Problem details: Return the lines below exactly, please, from the one containing "Kit de ventilateur" through the last one, both included, and leave out any pictures.

■ ■ ■ ■ ■

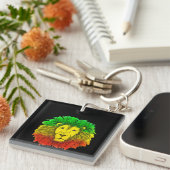 Rasta Löwe rot grün zeichnend Jamaika Schlüsselanhänger (Vorderseite rechts)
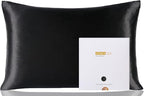 ZIMASILK 100% Pure Mulberry Silk Pillowcase for Hair and Skin Health,Soft and Smooth,Both Sides Premium Grade 6A Silk,600 Thread Count,with Hidden Zipper,1pc(Standard 20''x26'',Black)
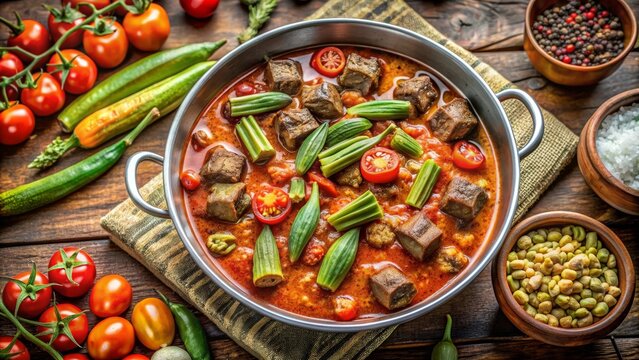 Plato tradicional de bamia, un guiso de ternera con okra, tomates y especias. Ideal para disfrutar de un aut&eacute;ntico sabor del Medio Oriente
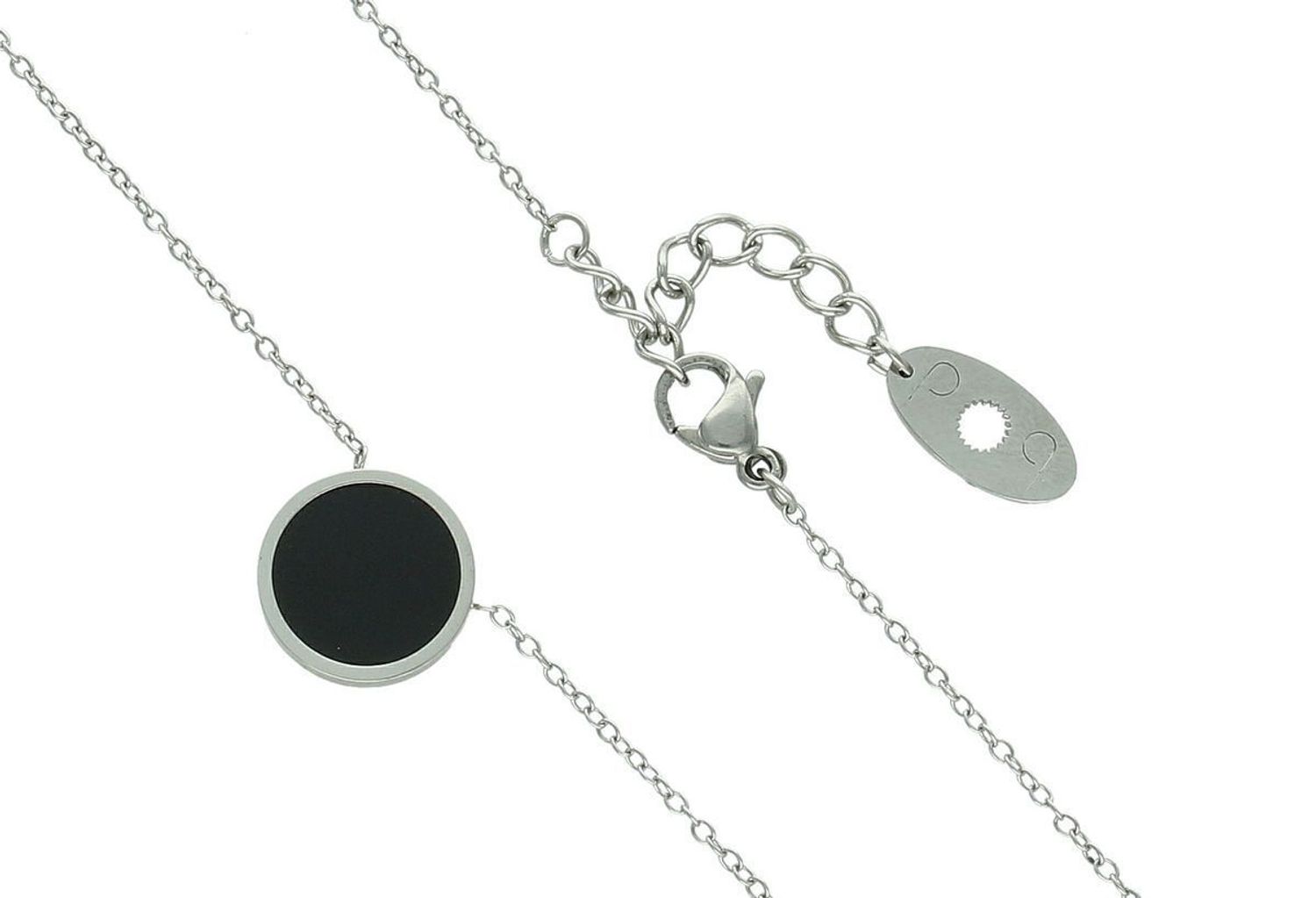 Naszyjnik stalowy z kółkiem i czarnym onyksem. Długość 47 + 3 cm, zapięcie na karabińczyk. Model DIA-NSZ-11667-STAL – elegancka biżuteria na każdą okazję.1.jpg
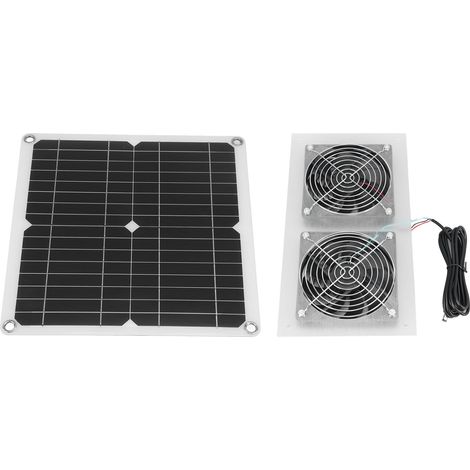 Kit de ventilateur solaire double de 25 W, étanche IPX65, silencieux et performant, pour poulailler, chenil ou grange. (1/5)
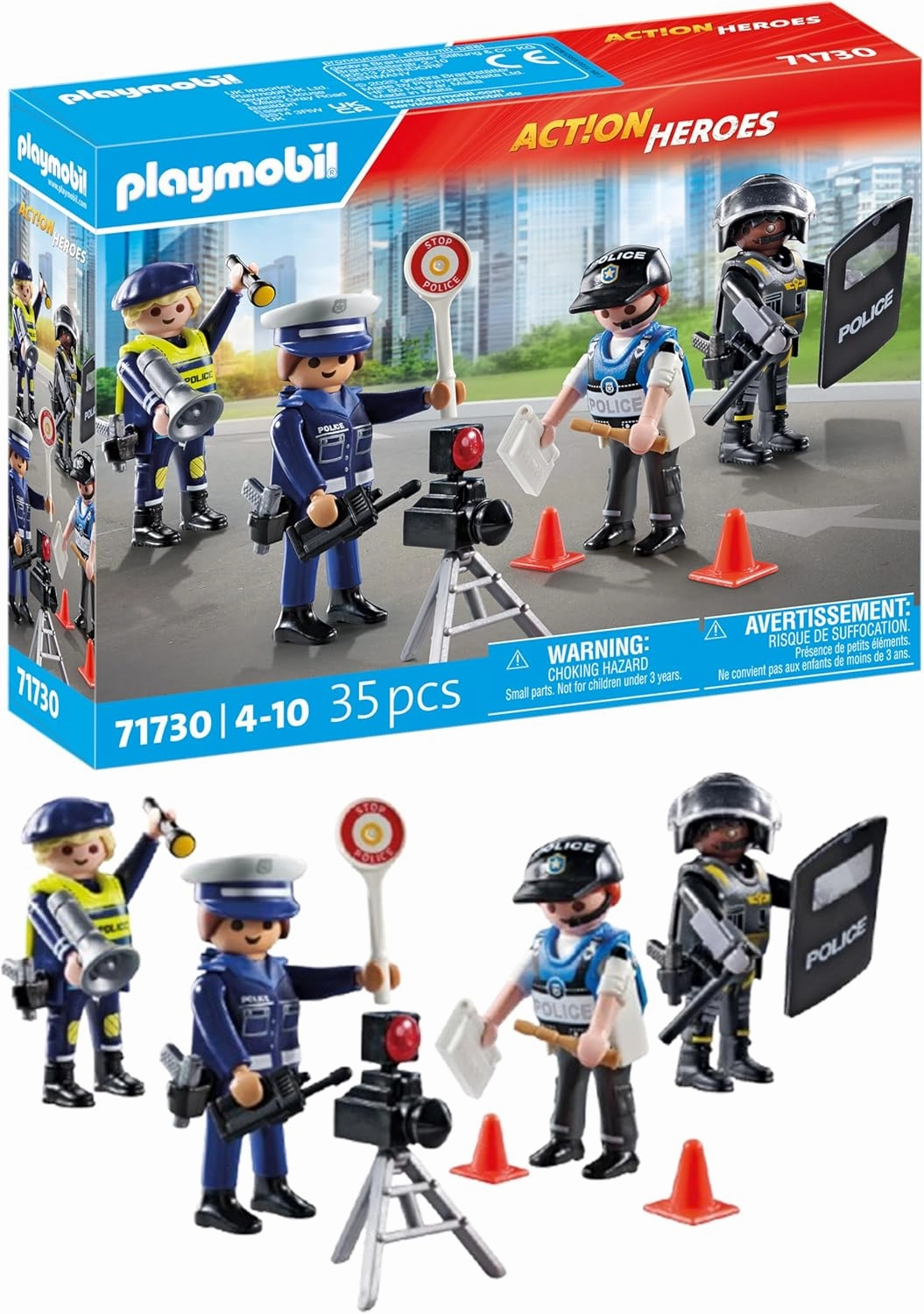 PLAYMOBIL Action Heroes 71730 Police Figure Set Toy Figures Police Figure Toy for Children from 4 Years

■ ■ ■ ■ ■

Answer:
 Kit de ventilateur solaire double de 25 W, étanche IPX65, silencieux et performant, pour poulailler, chenil ou grange. (1/5)
 PLAYMOBIL Action Heroes 71730 Police Figure Set Toy Figures Police Figure Toy for Children from 4 Years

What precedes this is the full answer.